Here is what I'm getting back:

[email protected]:~$ /etc/fstab
bash: /etc/fstab: Permission denied

[email protected]:~$ umount /dev/sda3
umount: /dev/sda3 is not mounted (according to mtab)
[email protected]:~$ mount -t ntfs-3g /dev/sda3 /mnt/sda3 -o forc
mount: only root can do that
[email protected]:~$ ls /mnt/sda3
ls: cannot access /mnt/sda3: No such file or directory
[email protected]:~$


----------



## lotuseclat79 (Sep 12, 2003)

Hi minierv,

Assuming /devsda3 is not already mounted.

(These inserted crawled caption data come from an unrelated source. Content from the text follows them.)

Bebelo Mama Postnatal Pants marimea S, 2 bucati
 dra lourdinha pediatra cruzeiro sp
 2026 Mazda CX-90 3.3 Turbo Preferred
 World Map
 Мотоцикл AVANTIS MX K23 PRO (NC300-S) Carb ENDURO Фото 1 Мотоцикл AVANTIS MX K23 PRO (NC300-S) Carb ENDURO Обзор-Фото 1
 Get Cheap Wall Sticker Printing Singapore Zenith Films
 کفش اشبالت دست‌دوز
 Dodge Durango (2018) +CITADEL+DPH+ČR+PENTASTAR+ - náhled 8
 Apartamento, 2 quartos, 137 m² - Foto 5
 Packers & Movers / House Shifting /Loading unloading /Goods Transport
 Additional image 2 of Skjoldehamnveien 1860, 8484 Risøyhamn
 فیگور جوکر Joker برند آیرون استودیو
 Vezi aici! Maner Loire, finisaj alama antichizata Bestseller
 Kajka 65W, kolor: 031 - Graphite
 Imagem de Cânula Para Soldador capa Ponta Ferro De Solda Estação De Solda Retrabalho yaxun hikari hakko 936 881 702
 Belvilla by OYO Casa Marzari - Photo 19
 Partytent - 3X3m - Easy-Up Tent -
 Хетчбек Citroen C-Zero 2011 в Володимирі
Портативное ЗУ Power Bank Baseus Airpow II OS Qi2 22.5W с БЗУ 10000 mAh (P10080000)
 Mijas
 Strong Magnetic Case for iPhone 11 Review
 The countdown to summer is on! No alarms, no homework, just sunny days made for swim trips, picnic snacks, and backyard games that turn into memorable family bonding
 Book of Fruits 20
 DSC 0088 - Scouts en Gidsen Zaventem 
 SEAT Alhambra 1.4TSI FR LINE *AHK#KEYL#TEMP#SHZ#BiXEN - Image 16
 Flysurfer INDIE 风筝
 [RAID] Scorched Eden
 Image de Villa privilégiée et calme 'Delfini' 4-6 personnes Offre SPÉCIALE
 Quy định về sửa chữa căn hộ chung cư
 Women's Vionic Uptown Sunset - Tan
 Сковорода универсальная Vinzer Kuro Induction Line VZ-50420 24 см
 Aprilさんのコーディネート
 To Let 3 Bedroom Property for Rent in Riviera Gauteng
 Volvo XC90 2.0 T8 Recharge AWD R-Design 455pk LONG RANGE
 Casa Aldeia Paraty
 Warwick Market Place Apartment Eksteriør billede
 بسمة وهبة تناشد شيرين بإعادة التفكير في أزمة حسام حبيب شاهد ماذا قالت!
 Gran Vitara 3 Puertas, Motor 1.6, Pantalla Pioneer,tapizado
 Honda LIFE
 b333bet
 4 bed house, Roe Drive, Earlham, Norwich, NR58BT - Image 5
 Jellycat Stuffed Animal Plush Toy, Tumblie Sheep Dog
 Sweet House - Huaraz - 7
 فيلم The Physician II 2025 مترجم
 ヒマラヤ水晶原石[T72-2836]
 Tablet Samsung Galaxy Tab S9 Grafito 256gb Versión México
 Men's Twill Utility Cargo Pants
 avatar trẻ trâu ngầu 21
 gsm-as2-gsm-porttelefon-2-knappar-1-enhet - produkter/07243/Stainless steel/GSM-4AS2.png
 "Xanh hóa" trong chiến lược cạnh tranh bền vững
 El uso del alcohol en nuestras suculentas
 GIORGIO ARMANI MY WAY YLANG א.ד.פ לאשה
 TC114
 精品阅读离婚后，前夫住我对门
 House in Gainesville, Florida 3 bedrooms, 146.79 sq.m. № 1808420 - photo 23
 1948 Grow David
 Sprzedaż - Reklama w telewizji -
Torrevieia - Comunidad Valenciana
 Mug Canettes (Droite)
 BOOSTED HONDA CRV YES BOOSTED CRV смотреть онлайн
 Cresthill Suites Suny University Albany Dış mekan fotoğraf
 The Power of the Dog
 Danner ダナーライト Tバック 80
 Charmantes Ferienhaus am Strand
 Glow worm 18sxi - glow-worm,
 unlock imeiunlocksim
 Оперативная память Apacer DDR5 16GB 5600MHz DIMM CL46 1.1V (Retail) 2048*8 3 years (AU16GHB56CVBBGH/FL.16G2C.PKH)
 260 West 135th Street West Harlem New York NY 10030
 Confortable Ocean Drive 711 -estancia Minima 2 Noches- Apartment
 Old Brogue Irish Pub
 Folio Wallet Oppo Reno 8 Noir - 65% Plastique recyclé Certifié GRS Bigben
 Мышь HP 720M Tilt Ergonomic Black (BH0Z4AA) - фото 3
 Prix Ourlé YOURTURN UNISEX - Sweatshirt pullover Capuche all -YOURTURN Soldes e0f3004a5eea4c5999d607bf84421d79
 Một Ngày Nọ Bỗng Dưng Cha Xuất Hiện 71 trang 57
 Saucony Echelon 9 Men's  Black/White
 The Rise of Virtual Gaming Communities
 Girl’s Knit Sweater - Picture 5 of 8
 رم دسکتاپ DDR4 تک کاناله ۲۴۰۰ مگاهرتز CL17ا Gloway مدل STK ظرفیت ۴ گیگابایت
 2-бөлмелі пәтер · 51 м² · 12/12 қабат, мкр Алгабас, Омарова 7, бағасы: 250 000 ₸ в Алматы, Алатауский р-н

Try using sudo in front of the commands: mount, umount, e.g.:
[email protected]:~$ sudo mount -t ntfs-3g /dev/sda3 /mnt/sda3 -o force
or
just get into the root account with:
[email protected]:~$ sudo -i
# mount -t ntfs-3g /dev/sda3 /mnt/sda3 -o force

-- Tom


----------



## saikee (Jun 11, 2004)

All the activities related to the system files require root privileges and a user can only execute them as a root user. This is the price a Linux user must pay to operate the system safely. Whenever permission is denied and no reaction from the kernel it is because the user has no root privilege.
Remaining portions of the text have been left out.